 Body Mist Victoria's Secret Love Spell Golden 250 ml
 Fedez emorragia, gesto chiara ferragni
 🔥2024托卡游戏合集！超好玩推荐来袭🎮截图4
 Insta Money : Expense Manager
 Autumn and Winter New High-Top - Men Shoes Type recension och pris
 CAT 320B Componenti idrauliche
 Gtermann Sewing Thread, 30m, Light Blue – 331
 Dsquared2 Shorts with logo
--
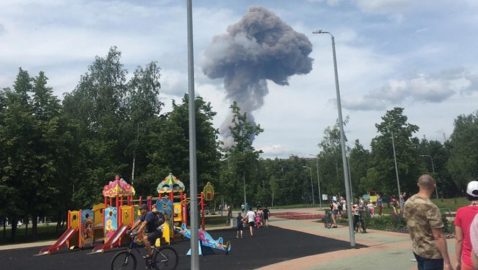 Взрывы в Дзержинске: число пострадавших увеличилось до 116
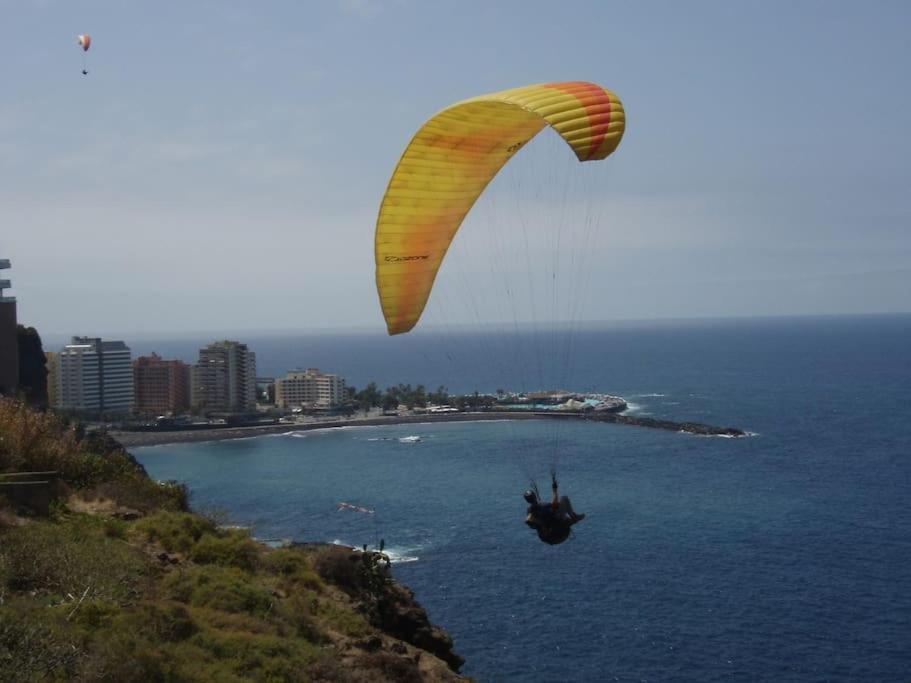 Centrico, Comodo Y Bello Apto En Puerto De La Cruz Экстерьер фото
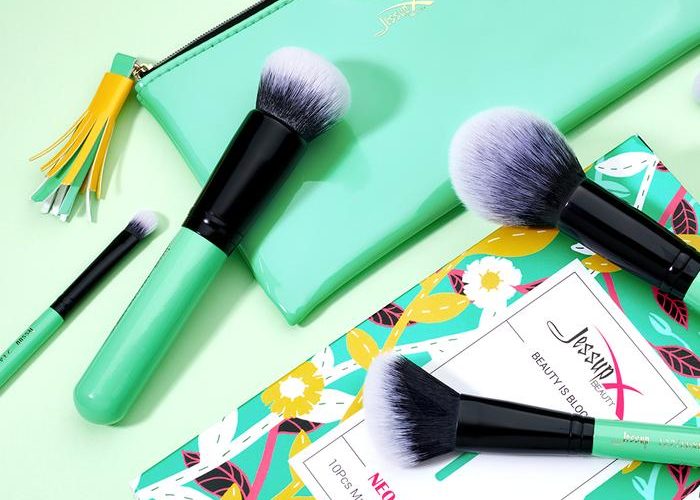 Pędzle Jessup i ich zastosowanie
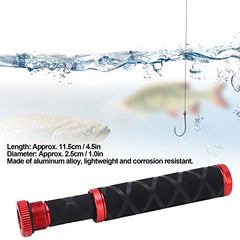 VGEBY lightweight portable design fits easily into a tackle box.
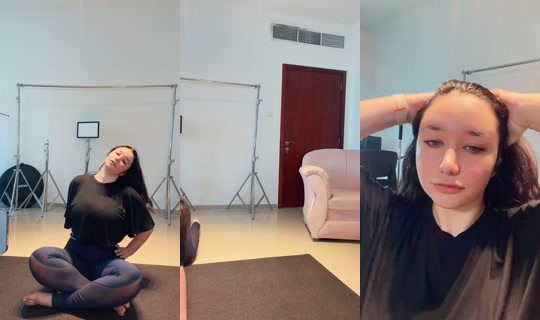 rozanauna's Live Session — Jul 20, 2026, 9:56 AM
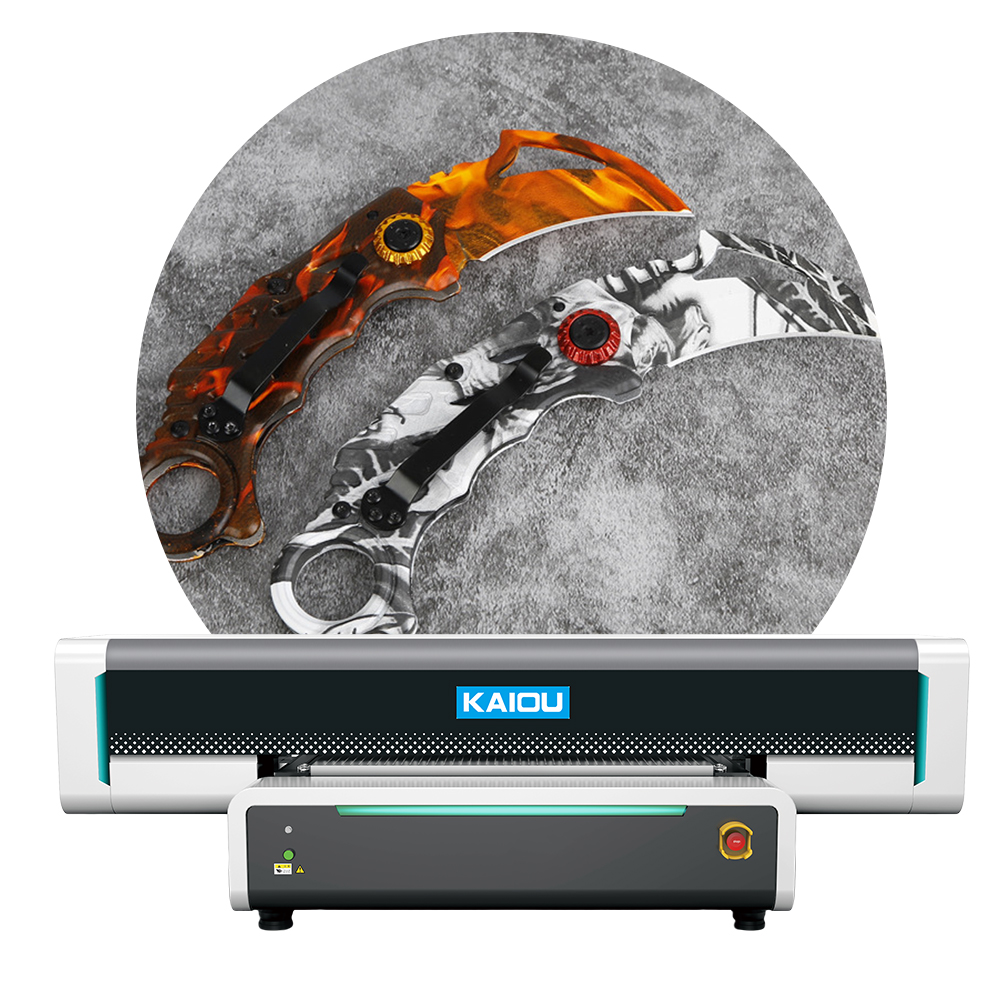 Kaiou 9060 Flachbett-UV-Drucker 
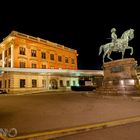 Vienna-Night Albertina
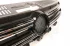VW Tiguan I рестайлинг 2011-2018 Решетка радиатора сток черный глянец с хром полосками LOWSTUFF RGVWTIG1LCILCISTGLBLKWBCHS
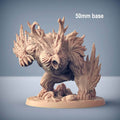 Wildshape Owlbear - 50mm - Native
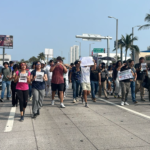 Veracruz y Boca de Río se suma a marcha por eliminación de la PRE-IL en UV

WORK TO BE COMPLETED
Output the material above exactly, but only from the line that carries "Body Mist Victoria's" through the line that carries "Dsquared2 Shorts with logo".

YOUR RESPONSE
 Body Mist Victoria's Secret Love Spell Golden 250 ml
 Fedez emorragia, gesto chiara ferragni
 🔥2024托卡游戏合集！超好玩推荐来袭🎮截图4
 Insta Money : Expense Manager
 Autumn and Winter New High-Top - Men Shoes Type recension och pris
 CAT 320B Componenti idrauliche
 Gtermann Sewing Thread, 30m, Light Blue – 331
 Dsquared2 Shorts with logo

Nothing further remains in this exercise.